Start of Stored data

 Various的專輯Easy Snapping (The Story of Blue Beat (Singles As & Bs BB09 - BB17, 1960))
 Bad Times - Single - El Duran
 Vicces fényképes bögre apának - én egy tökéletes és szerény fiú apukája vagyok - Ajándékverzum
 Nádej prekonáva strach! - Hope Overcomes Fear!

End of Stored data

The problem: After reading the listing, write out every line of it exactly.

Task response:
 Various的專輯Easy Snapping (The Story of Blue Beat (Singles As & Bs BB09 - BB17, 1960))
 Bad Times - Single - El Duran
 Vicces fényképes bögre apának - én egy tökéletes és szerény fiú apukája vagyok - Ajándékverzum
 Nádej prekonáva strach! - Hope Overcomes Fear!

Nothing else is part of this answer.